Entre los múltiples gestos que la anfitriona desplegaba se deslizó una leve sonrisa hacia el horizonte al tiempo que, desplomó por un momento al más joven y atractivo de sus dos invitados; sonriente la miró y en un instante compartieron sus sonrisas siendo cómplices de aquellos paseos a caballo por la sabana, por aquellos atardeceres rosáceos y pálidos en los que los rostros y las voces de los nativos vibraban a lo lejos.




         El transcurso de la noche siguió como era esperado; unas copas, unos brindis por la generosa cuentacuentos a lo largo de tantas y tantas horas sin poner pega alguna ni reproche por el tiempo empleado. Ella llegó a envolver a esos dos hombres de tal forma que el afán por permanecer a su lado llegó a ser eterno al menos en uno de ellos que, aquella larga y deliciosa noche a los pies de la soñada África y de sus atardeceres románticos no dejó de mirarla ni un minuto. Sus ojos se clavaron en ella, penetraron en los pensamientos intimistas de la narradora; su mente quedó perpleja, metida en un mundo que él desconocía y al que abrió sus puertas para un futuro prometedor, casi fantástico y lleno de vida. Se preguntó por qué aquella extraña pero deliciosa dama le había influido tanto, por qué le había sumergido en aquellos parajes apasionantes del continente africano relleno de exóticos colores, sabores, texturas, y hasta sonidos extraordinariamente atractivos para su casi total, desconocimiento de aquellos lugares.

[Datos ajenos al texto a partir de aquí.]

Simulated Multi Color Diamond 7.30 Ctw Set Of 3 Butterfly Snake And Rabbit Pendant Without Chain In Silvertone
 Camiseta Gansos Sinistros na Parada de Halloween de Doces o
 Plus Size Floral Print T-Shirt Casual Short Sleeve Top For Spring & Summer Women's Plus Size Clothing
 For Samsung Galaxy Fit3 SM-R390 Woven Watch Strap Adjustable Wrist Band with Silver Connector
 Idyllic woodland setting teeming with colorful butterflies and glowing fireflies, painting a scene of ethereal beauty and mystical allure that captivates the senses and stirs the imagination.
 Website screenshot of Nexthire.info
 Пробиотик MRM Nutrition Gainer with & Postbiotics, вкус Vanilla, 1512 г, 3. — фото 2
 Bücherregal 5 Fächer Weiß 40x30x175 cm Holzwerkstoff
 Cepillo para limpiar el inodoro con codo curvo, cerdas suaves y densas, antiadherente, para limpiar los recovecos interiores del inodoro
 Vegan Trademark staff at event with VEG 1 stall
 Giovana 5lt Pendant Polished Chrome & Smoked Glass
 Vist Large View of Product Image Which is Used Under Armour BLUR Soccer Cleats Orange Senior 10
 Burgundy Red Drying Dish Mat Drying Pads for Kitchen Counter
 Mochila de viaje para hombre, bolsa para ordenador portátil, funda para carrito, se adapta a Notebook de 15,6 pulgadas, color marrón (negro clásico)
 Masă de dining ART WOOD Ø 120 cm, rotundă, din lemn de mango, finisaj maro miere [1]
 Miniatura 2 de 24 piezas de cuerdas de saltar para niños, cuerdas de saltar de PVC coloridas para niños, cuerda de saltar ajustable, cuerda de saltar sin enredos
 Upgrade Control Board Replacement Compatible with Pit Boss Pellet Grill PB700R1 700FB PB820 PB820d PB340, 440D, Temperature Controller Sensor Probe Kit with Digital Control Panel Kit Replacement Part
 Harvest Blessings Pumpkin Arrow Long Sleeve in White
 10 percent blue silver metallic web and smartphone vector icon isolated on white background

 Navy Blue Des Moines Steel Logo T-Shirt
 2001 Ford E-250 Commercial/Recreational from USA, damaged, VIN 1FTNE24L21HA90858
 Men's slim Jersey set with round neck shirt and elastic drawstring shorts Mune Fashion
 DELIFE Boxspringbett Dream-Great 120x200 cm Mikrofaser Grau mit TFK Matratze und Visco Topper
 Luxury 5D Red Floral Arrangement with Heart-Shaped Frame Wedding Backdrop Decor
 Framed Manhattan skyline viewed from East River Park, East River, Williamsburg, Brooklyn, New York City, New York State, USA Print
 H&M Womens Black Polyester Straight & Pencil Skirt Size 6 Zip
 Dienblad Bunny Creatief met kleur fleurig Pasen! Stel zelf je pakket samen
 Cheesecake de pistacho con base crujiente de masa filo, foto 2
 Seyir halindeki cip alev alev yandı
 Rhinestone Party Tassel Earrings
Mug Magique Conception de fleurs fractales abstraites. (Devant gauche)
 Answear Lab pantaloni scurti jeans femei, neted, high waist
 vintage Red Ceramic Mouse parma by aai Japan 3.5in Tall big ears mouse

             Encendió una pipa de tabaco rubio comprado en la frontera sur de Kenia, cerca de una reserva natural de Tanzania; el olor que desprendía era especial, recordaba al tabaco inglés que se compra en Londres en cualquier tabaquería dentro del Covent Garden. Tal vez, en esa noche el olor de tabaco se mezcló con el olor a la leña, sedujo a que las historias se contaran de forma reposada y natural en donde las palabras salen solas, no se fuerzan y, las tramas de una historia con otra se entrelazan sin prácticamente existir cortes; se enterraron los maleficios de las costumbres de los nativos de Nairobi y las raíces de las diversas razas que formaban Kenia. Prácticamente en todas las historias que se narraron aquella noche, tuvieron un papel importante el café y el té, dos productos específicamente keniatas que vestían con sabiduría y un exquisito lenguaje todas esas hazañas que aquella maravillosa mujer explicaba.

            En silencio quedaron después de varias horas; los sirvientes perfectamente vestidos con guantes blancos y elegantemente ataviados con turbantes del mismo color recogieron la mesa sin mediar palabra. Se avecinaba una gran tormenta y acechaba un tremendo olor a tierra mojada; el aroma que penetraba por las ventanas invadía el ambiente. Pronto, llegaron las despedidas y los saludos cordiales; de repente, un paso al frente y un adiós fueron los últimos ademanes y expresiones que aquella extraordinaria mujer les brindaba con un cariñoso gesto de pie y mano.